I would like to highlight three of these:

• Capital planning has not always included a sufficiently detailed analysis of the costs, risks or processes involved in winding-down or transferring regulated activities in an orderly manner, should an event occur which would trigger this course of action.

• Operational risk analysis has in some cases failed to quantity risk exposures at an appropriate confidence level and has made insufficient or inappropriate use of historical loss data, calling into question the robustness of the output produced.

• The calibration of stress and scenario tests has not always been appropriately severe and many base case capital forecasts have appeared overly optimistic. We see scope for firms to be more imaginative and demanding in their stress and scenario testing and to more closely embed this in integrated senior-management decision-making.

It has never been our intention to increase the level of capital requirements across the whole of the industry through our Pillar 2 assessment framework. We review each ICAAP on an individual basis and where we identify inadequacies in the process adopted, either in terms of its coverage or analysis, we will recommend additional capital to be held through the issuance of individual capital guidance. In some cases, we will also expect firms to undertake remedial or corrective action. Once this action has been taken, we will be able to remove that element of capital guidance from the firm at its next review and evaluation process.

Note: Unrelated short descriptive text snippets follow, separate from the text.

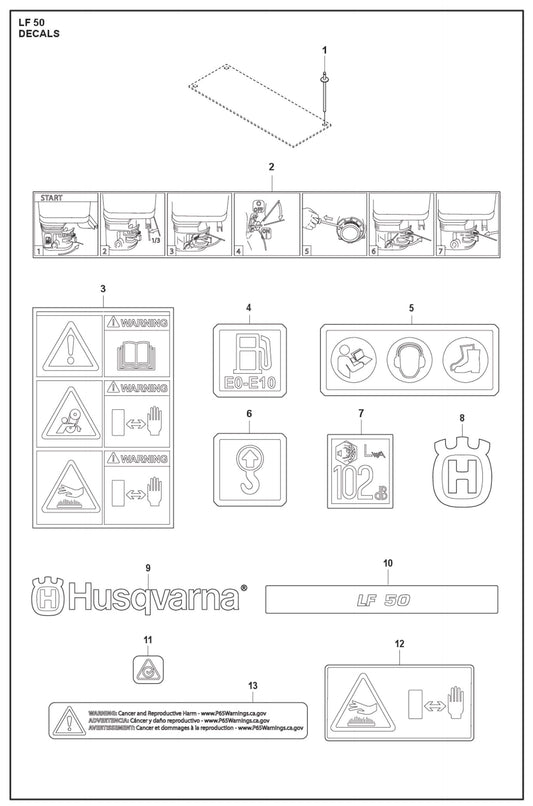 Decals Parts For LF 50 L By Husqvarna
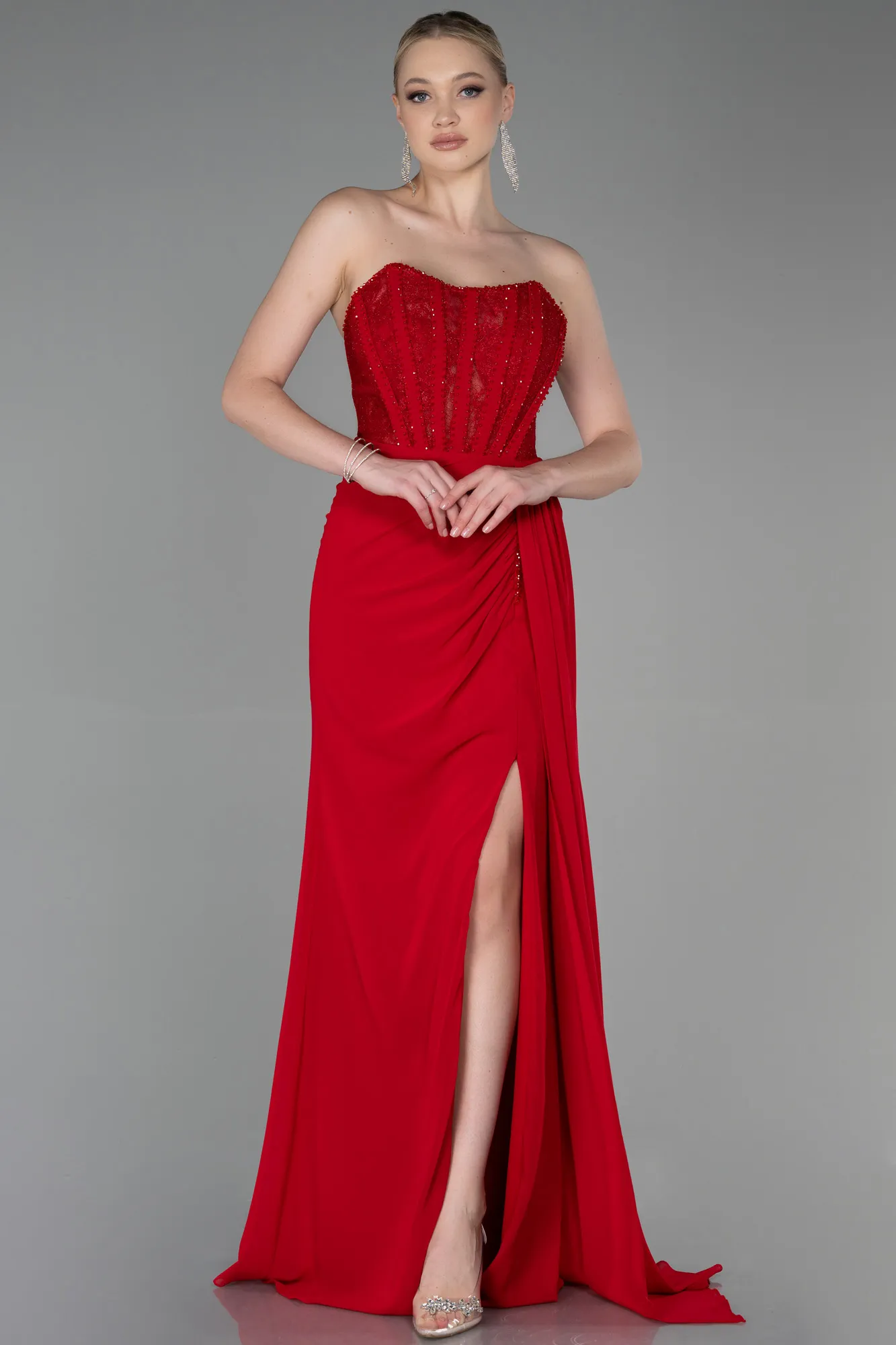 Red-Long Chiffon Evening Dress ABU3333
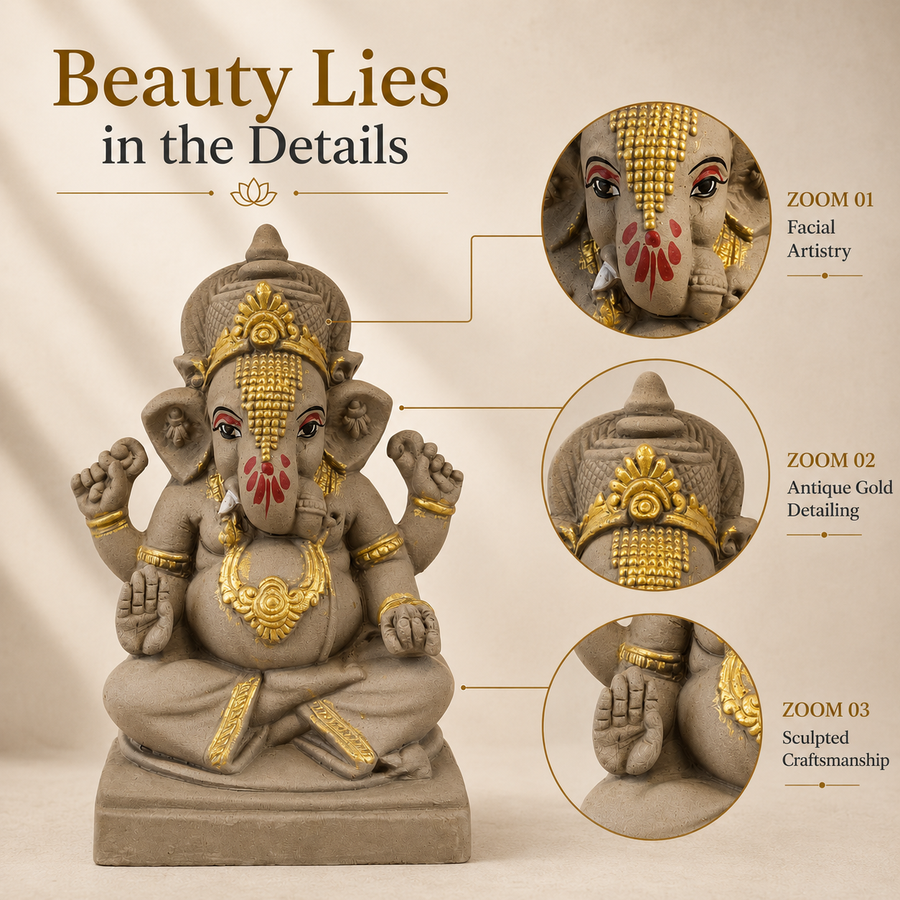 Eco-Friendly Lord Ganesha Idol with Ornate Crown & Gold Accents 6 inch– Traditional Ganpati Decorative Statue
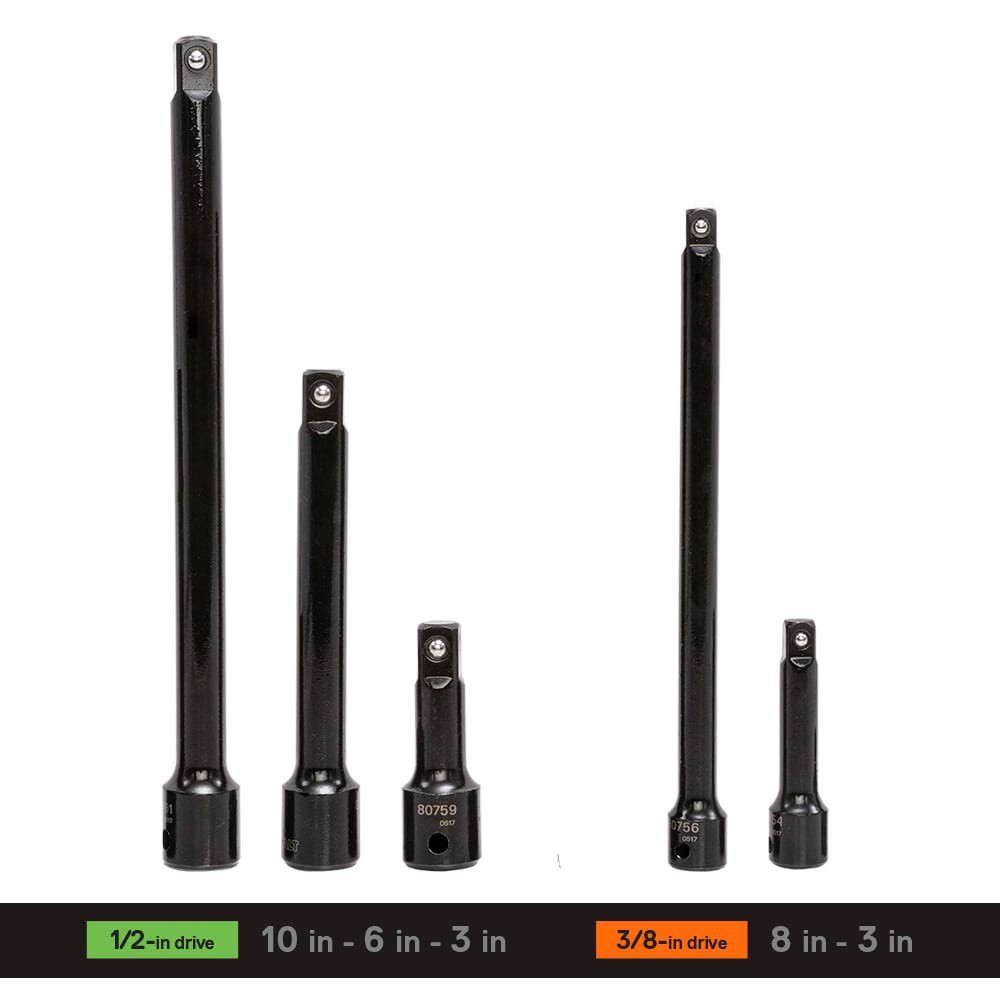 slide 6 of 6, Kobalt 8 -Piece Includes 3/8-in and 1/2-in drive impact accessories Impact Drive Accessory Set, 1 ct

Managing liquidity in open-ended funds
The case of the recent CF Arch Cru fund suspensions [involved] two non-Ucits retail schemes whose ultimate underlyings were illiquid assets. This is not the first open-ended fund suspension that we have seen during the current market crisis; other jurisdictions have seen a growing number of open-ended funds suspended as a result of liquidity problems.

Fund suspensions are a last resort for exceptional circumstances only. They are not a ‘convenience’ for dealing with problems caused by poor liquidity management of open-ended funds. We have recently consulted on proposals regarding liquidity and stress-testing for firms, but it is equally important that managers undertake proper liquidity testing within their schemes.

While used appropriately, suspensions act to protect the interests of all unitholders, but the detriment to individual investors who can no longer access their investment should not be underestimated. It is a reasonable expectation that an open-ended product should be accessible.

We expect managers to carefully consider, on an ongoing basis, the liquidity profile of both their current and potential future underlying investments, as well as the interaction with the scheme’s overall liquidity requirements. Where a manager or depositary is concerned that a scheme is experiencing (or close to experiencing) liquidity stresses, we expect them to engage at an early stage with their firm’s usual FSA contacts.

This is a slightly edited and abridged version of Dan Waters’ address to the Future of Fund Management Conference in London on March 24.